A spokesman for the Fish and Wildlife Service declined to comment on Tuesday's lawsuit but defended the incidental-take regulations, which are meant to be in effect for five years.

"We believe that the incidental-take regulations are a valuable conservation tool," said Bruce Woods, spokesman for the service's Alaska headquarters.

Polar bears were listed in May as threatened under the Endangered Species Act, and a petition is pending that would give similar protections to the Pacific walrus.

The remote and ice-choked Chukchi, which lies between northwestern Alaska and northeastern Siberia, is emerging as a hot oil prospect.
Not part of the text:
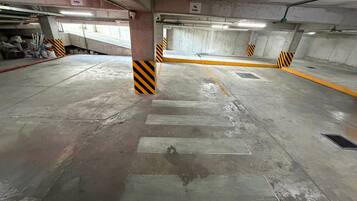 A parking garage with concrete pillars, yellow and black striped barriers, and a pedestrian crossing.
After many years of scant industry activity, Royal Dutch Shell Plc and other oil companies earlier this year moved aggressively to pick up exploration acreage.

A lease sale held by the U.S. Minerals Management Service in February drew a record $2.66 billion in high bids, with $2.1 billion of that from Shell. Shell currently holds a permit from the MMS to do seismic testing in the Chukchi this year to evaluate the geology there.

Industry activity is also accelerating in the Beaufort Sea off Alaska's northern coast. Shell, which spent $44 million on leases there in 2005 and $39 million in 2007, is seeking to explore a prospect it calls Sivulliq.

BP Plc, meanwhile, has plans to develop its offshore Liberty prospect, a 100-million-barrel oil field that would be the first producing oil field located entirely in federal waters off Alaska.

But environmentalists and the area's Inupiat Eskimos are alarmed at what they consider to be an industry rush into critical habitat for whales, polar bears and other Arctic animals already imperiled by the warming climate.

"It's an unfortunate convergence that as global warming impacts in the Arctic are accelerating and putting polar bears and walrus under deep stress, the only thing keeping pace with that is the rate of authorizing oil development in their habitat," Cummings said.

Tuesday's lawsuit came just days after a federal judge in Anchorage rejected a similar complaint concerning impacts to whales and seals from planned seismic tests this year by BP and Shell.

U.S. District Court Judge Ralph Beistline last week dismissed that lawsuit, which had been filed by Inupiat villagers and environmental groups challenging permits granted by the National Marine Fisheries Service and the MMS.

The "balance of hardships" weighs in favor of the agencies, BP and Shell, "who have invested significant time and expense in preparing for the scheduled activities," Beistline said in his July 2 ruling. "Moreover, the public interest in energy development favors upholding the permits."

Cummings said an appeal has already been filed.